*** SUPPLIED INFORMATION ***
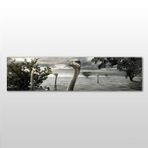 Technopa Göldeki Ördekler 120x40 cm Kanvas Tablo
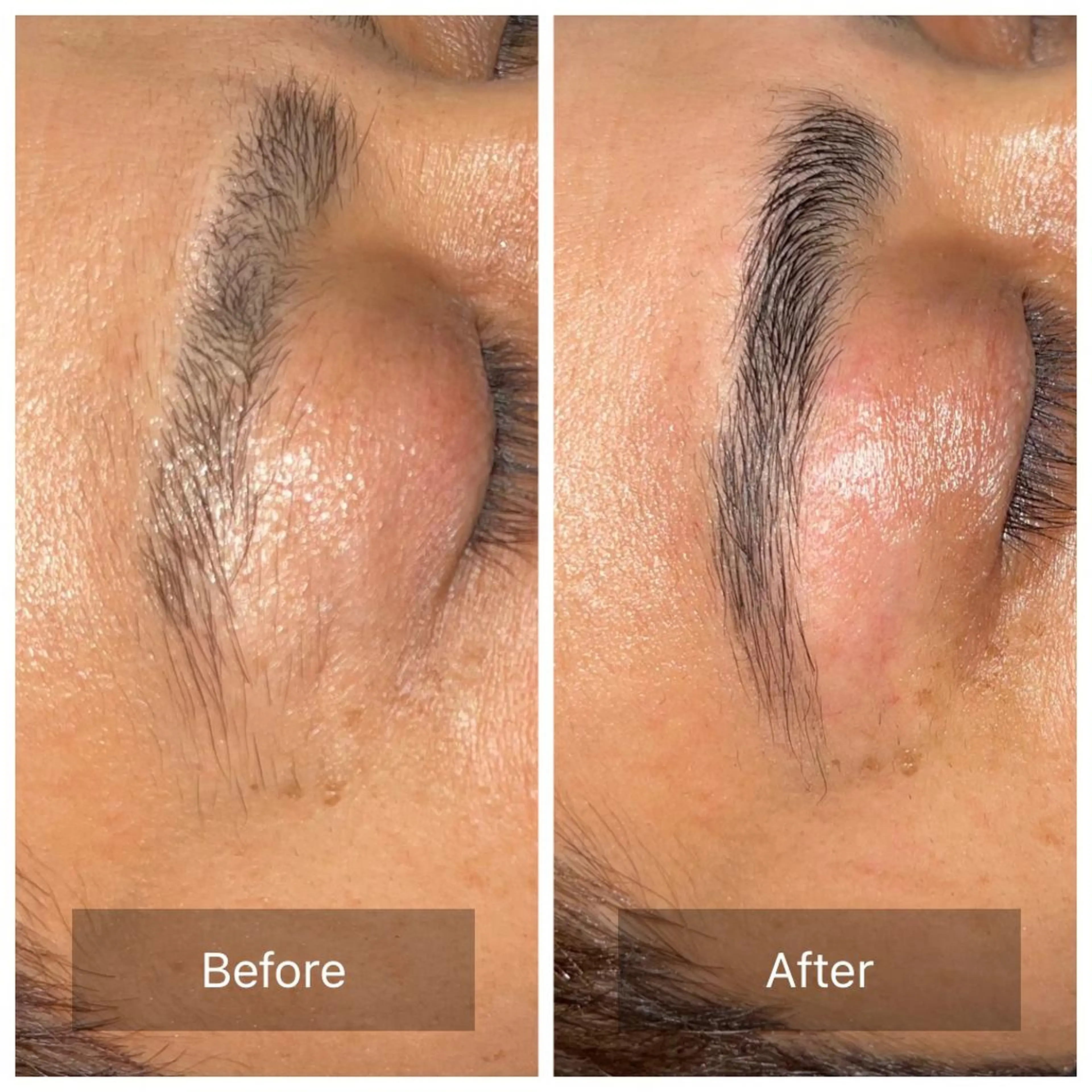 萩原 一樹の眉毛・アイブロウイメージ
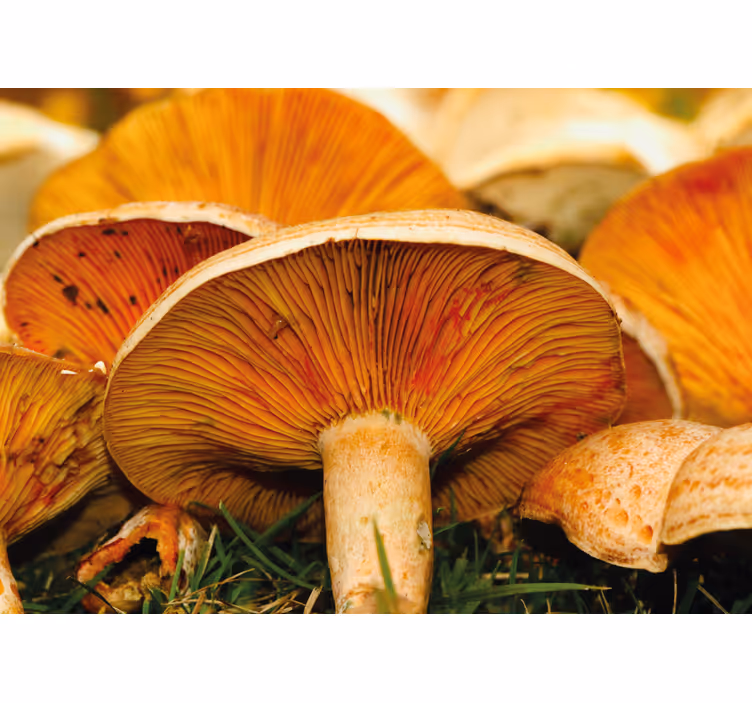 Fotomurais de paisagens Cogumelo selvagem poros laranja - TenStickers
*** End of SUPPLIED INFORMATION ***
• _WORK TO COMPLETE_:
Exclude every picture and copy the remaining data exactly.

• _EXPECTED OUTPUT_:
 Technopa Göldeki Ördekler 120x40 cm Kanvas Tablo
 萩原 一樹の眉毛・アイブロウイメージ
 Fotomurais de paisagens Cogumelo selvagem poros laranja - TenStickers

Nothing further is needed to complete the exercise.